§ WHAT THE EXERCISE ASKS
Set down the data below exactly; pictures stay out.
DATA PROVIDED: Begin
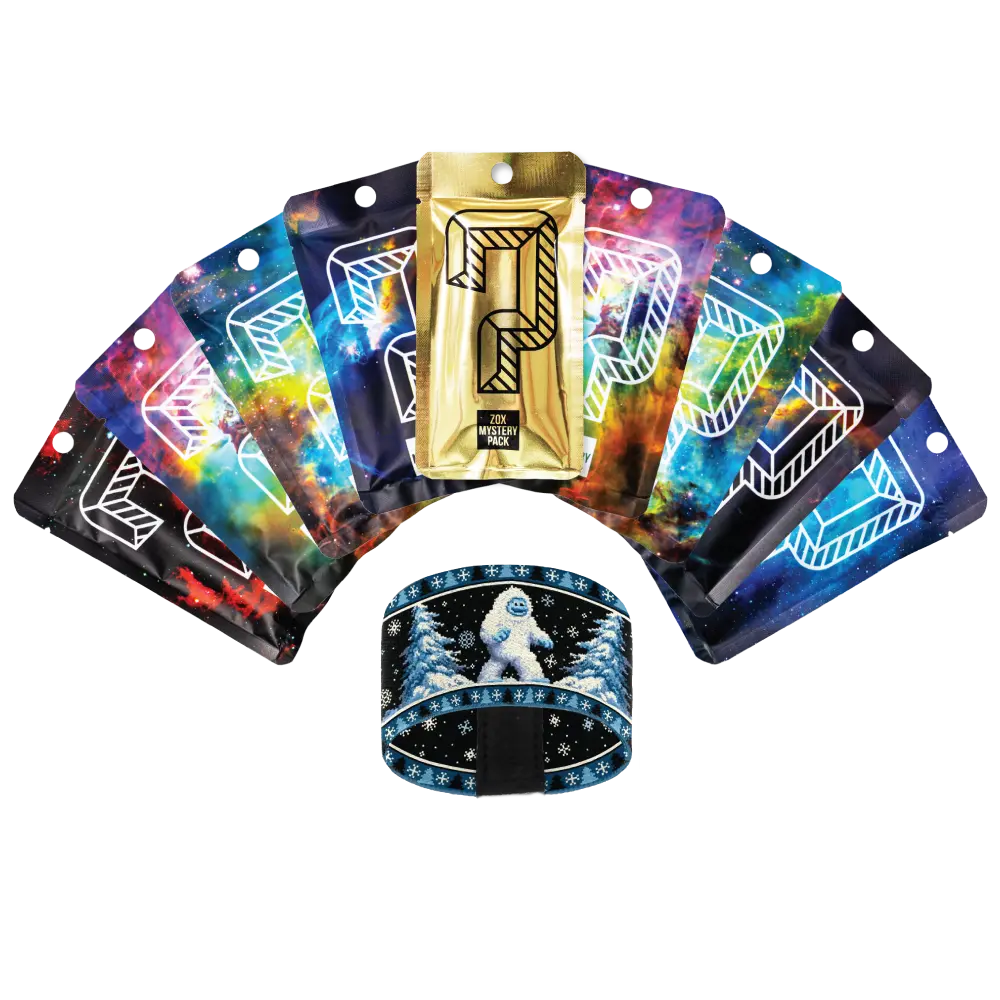 Winter Wonderland Mega Mystery 10-Pack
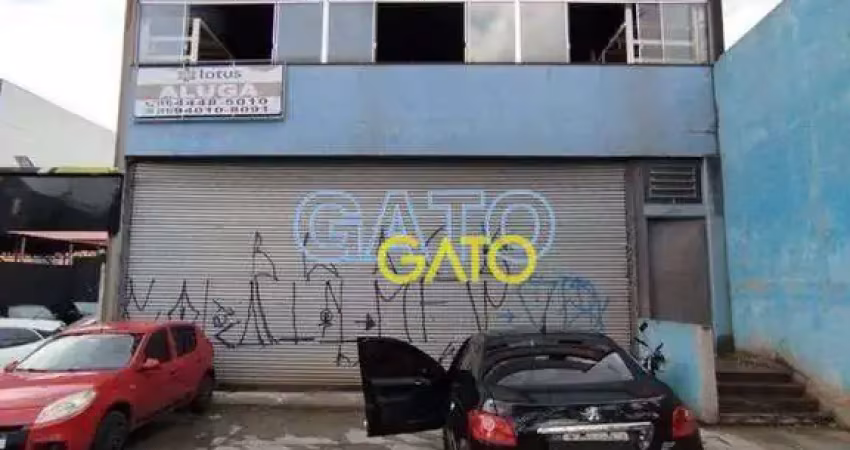 Ponto comercial para locação, polvilho, cajamar - pt0001.
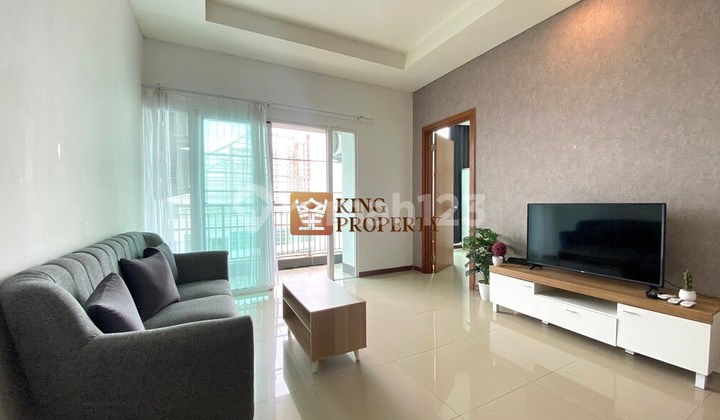 Penthouse Murah 2Br 102M2 Furnished Siap Huni Green Bay Pluitjarang Ada Penthouse 2Brdisewa di Atas Mall Green Bay Pluit Greenbay dengan View Laut Lepas. 2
DATA PROVIDED: End
§ RESULT BELOW
 Winter Wonderland Mega Mystery 10-Pack
 Ponto comercial para locação, polvilho, cajamar - pt0001.
 Penthouse Murah 2Br 102M2 Furnished Siap Huni Green Bay Pluitjarang Ada Penthouse 2Brdisewa di Atas Mall Green Bay Pluit Greenbay dengan View Laut Lepas. 2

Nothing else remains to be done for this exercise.